What is expected
Go to the line with "Requirements: You can" in the entries below and write out every line from there through the line with "Last but not", exactly and without pictures.

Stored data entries
━━━

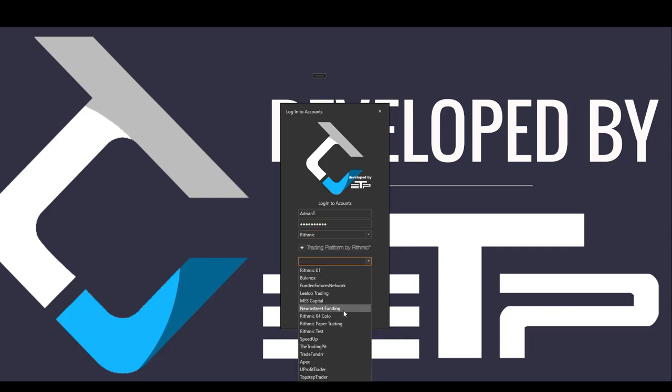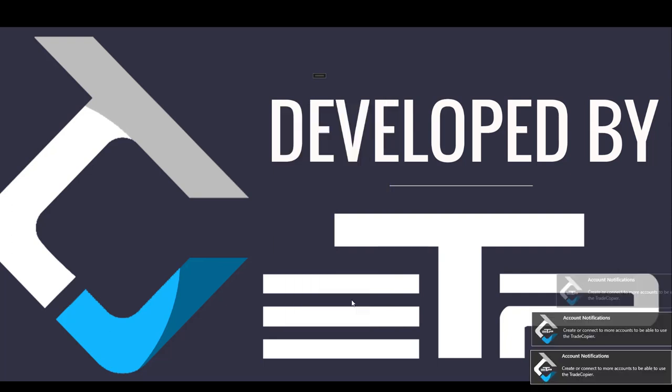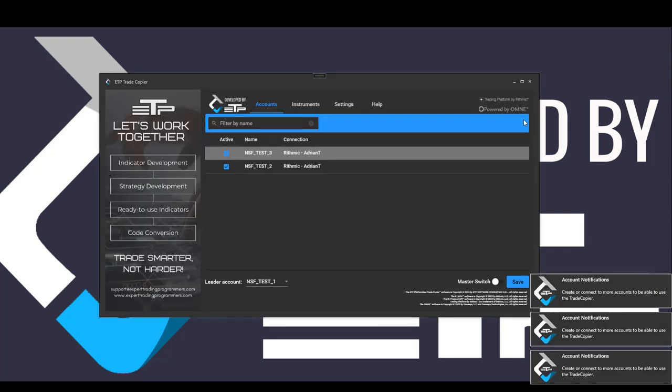Now we're going to log into our NeuroStreet funding account and then you hit the login. Once you have a successful login all these details are going to be saved and I'm going to show you what it's going to look like once we start this again.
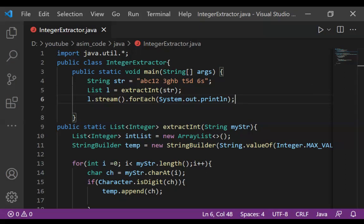And this way you can extract integers from a given string. To keep on learning, please subscribe to my channel Awesome Code, like my video, keep supporting me, and thank you for watching.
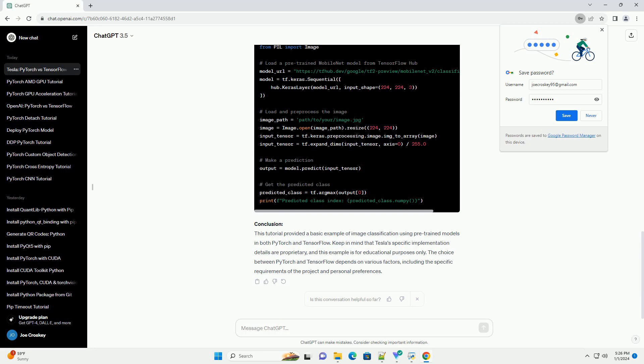Requirements: You can install the necessary packages using the provided code examples for PyTorch and TensorFlow. Conclusion: This tutorial provided a basic example of image classification using pre-trained models in both PyTorch and TensorFlow. Keep in mind that Tesla's specific implementation details are proprietary, and this example is for educational purposes only. The choice between PyTorch and TensorFlow depends on various factors, including the specific requirements of the project and personal preferences.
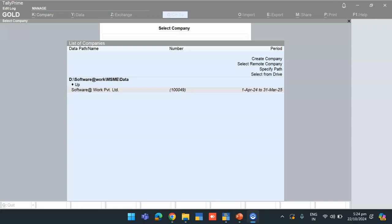Hello everyone, greetings from Software at Work. In this video I will explain how to generate the MSME report from Tally Prime using an add-on module.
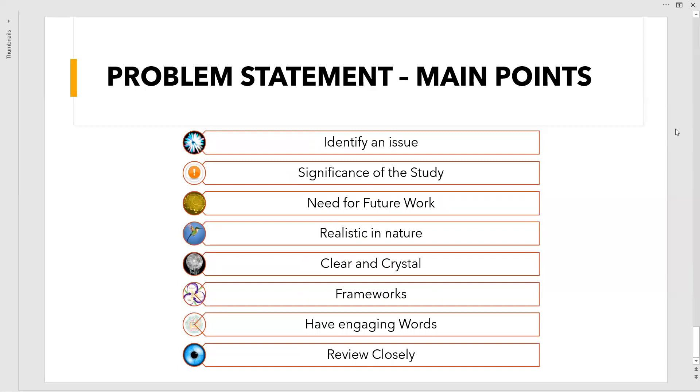Last but not least, review closely. What are the things you have started from—issue identification, significance, need, realistic nature, clear and crystal, frameworks, engaging words—you have to review them very closely, step by step, even once the problem statement is prepared. You should be aware if there is any problem in any of the previously said lines. The problem might arise during your reviews in PhD work, M.Tech., M.S., or any academic project. Review closely must be the last step, such that if any problem arises you should directly go to that place and see what is missing there.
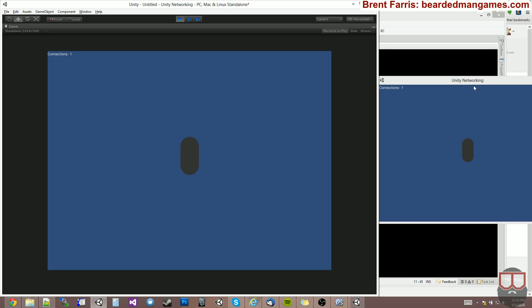So that is a quick overview of the network view. It's going to be one of our key components, one of our most important components that we use when we network inside of Unity. Thanks for watching — until next time.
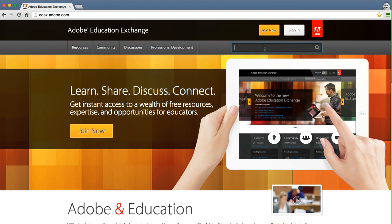To get started, enter a search term in the search box. If you want to find all results, click in the search box but don't enter a search term, and hit enter on your keyboard or click the magnifying glass.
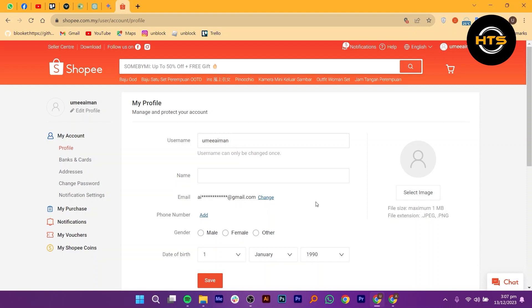In some cases, Shopee may ask you to verify the email address. Follow any prompts or instructions to complete the verification process.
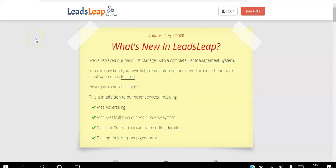Hello there and welcome. In this video I will be showing you how to get traffic to your website for free on autopilot using the LeadsLeap platform. If you're an affiliate marketer looking to get traffic to your website on autopilot, go ahead and click the link in the description and create your free account.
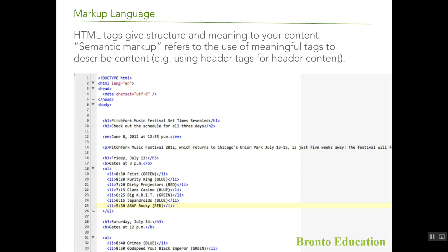This is called semantic markup — it refers to the use of meaningful tags to describe content, for example using header tags for header content. Here we have the DOCTYPE HTML declaration. This is not actually a tag; it tells the browser which HTML version you are going to use. This is version 5, HTML5.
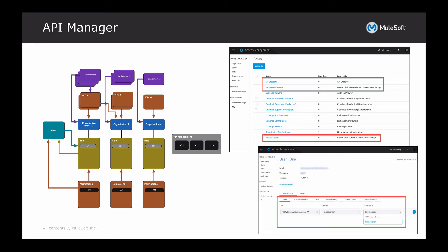API Manager permissions are a little different. When you assign a user an API permission, it's granular enough down to the API level. So you'll define which API they have access to, which versions, and then what their permission is — whether they are an API version owner or an API portal viewer. It's specific for each organization, so you would define permissions within a given organization for that specific API and user.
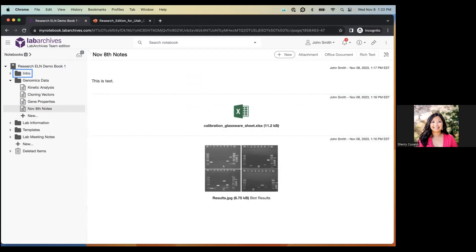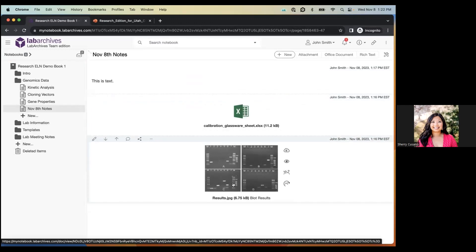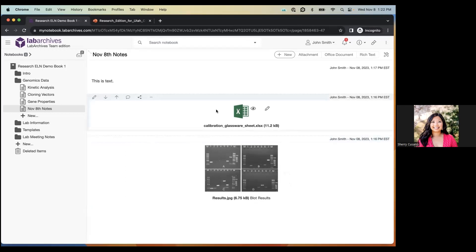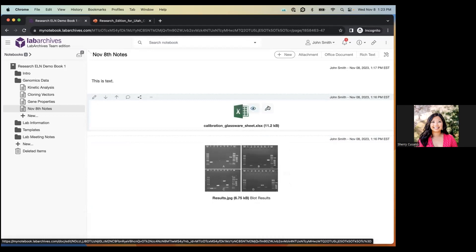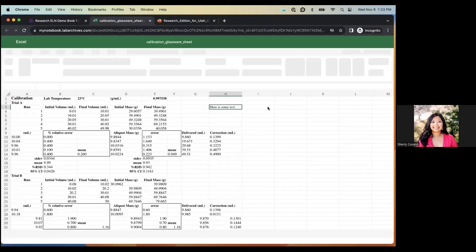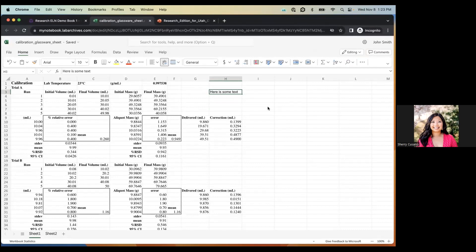Let's go back to the November notes page we created. On this page I added a rich text entry, an Excel document, and a JPEG image. With some files you can view or edit them directly within Lab Archives depending on our integrations. Even without downloading the Office plugin, we have an Office Online integration — so if you hover over any Office document, you'll see options to download, view, or edit. Clicking 'Edit' opens the document in a new tab where multiple individuals can work on it simultaneously, with all edits auto-saved with a timestamp.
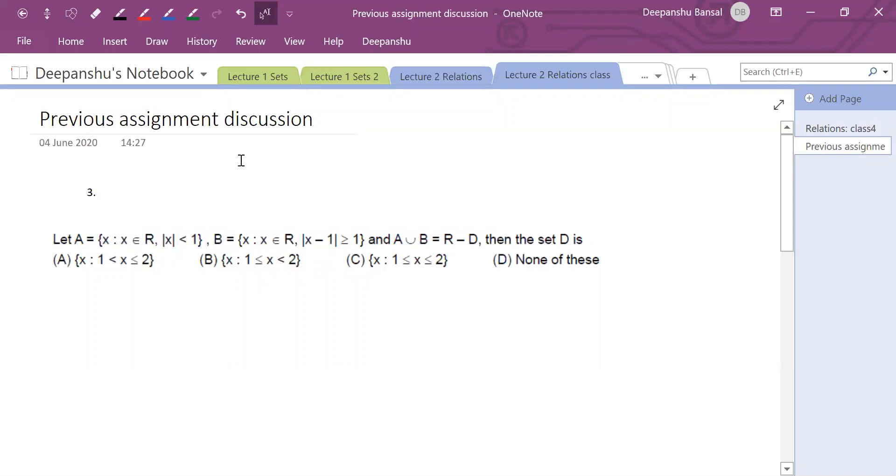The most important thing is to understand, then you can solve it. I am going to explain that there are two sets, Set A and Set B. And one of them has set builder form.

━━━

Output for this task
Requirements: You can install the necessary packages using the provided code examples for PyTorch and TensorFlow. Conclusion: This tutorial provided a basic example of image classification using pre-trained models in both PyTorch and TensorFlow. Keep in mind that Tesla's specific implementation details are proprietary, and this example is for educational purposes only. The choice between PyTorch and TensorFlow depends on various factors, including the specific requirements of the project and personal preferences.
Hello everyone, greetings from Software at Work. In this video I will explain how to generate the MSME report from Tally Prime using an add-on module.
Last but not least, review closely. What are the things you have started from—issue identification, significance, need, realistic nature, clear and crystal, frameworks, engaging words—you have to review them very closely, step by step, even once the problem statement is prepared. You should be aware if there is any problem in any of the previously said lines. The problem might arise during your reviews in PhD work, M.Tech., M.S., or any academic project. Review closely must be the last step, such that if any problem arises you should directly go to that place and see what is missing there.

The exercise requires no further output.